La connaissance est chose admirable.
Enfants, nous recevions des éloges et des bons points quand nous savions bien nos leçons et des punitions en cas de mauvaises notes. Le culte de la science et du travail aurait dû, normalement,
s'ensuivre et nos parents y comptaient ferme.
C'était oublier les grains de sable qui viennent gripper les meilleures mécaniques. Le plus communément répandu étant la fainéantise, la science nous a très vite paru difficile. "On
n'a qu'une santé", en vertu de cette évidence, nombre d'entre nous y ont carrément renoncé.
Pourtant, si Monsieur Jourdain faisait de la prose sans le savoir, nous cultivons un art consommé, celui de produire, entretenir et diffuser l'ignorance.
Les sciences humaines ne laissant rien de côté, pour qualifier cette aptitude, des experts ont inventé l'"agnotologie", la science de l'ignorance pour étudier dans tous ses détails notre
addiction pour la bêtise.
Ne croyez pas que l'ignorance ait la vie facile ; elle a de savants adversaires voués à sa destruction.
Voyons quelques unes des stratégies qu'elle déploie pour survivre et prospérer.

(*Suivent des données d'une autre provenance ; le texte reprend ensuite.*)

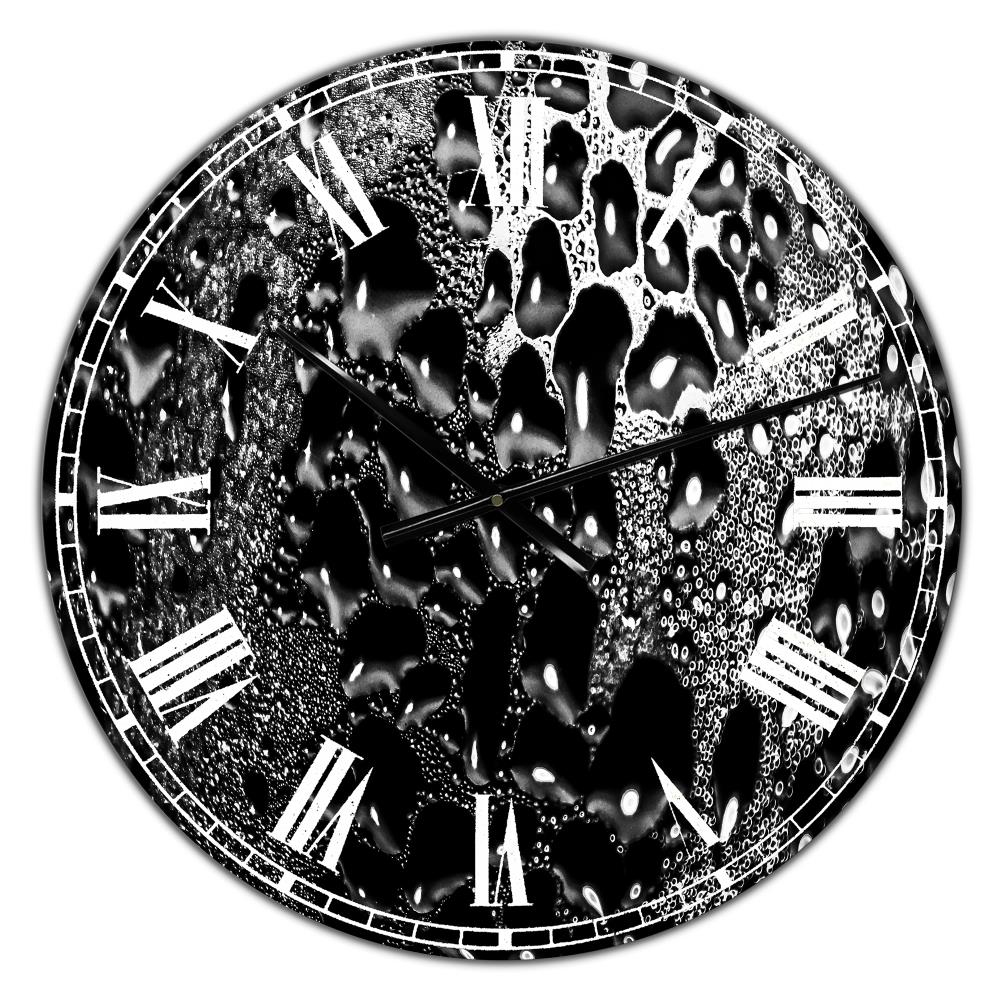 Designart CLM25061-C23 Indoor-Outdoor-Clocks - View #2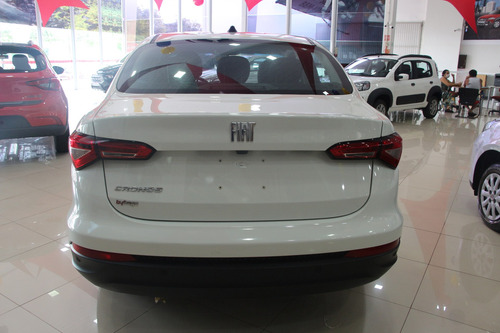 Fiat Cronos Drive 1.3 (flex)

D'abord, relativiser pour disqualifier les experts. Au nom d'une prétendue démocratie - le terme a toujours la cote- on mélange allègrement connaissance et opinion, on réaffirme le
droit de tous à s'exprimer.
Emballé c'est plié, les gourous et créationistes de tout poil sont placés au même niveau que Darwin ; nous voilà débarrassés de l'Evolution et de la génétique. Au passage, Einstein est enrôlé au nom, précisément, de la dite "relativité". E=mc2 ... personne, ou presque, n'y comprend rien, raison de plus pour lui faire dire n'importe quoi, même si sa relativité n'a aucun rapport avec le relativisme.
Les sciences dures ainsi piétinées, au tour des sciences humaines.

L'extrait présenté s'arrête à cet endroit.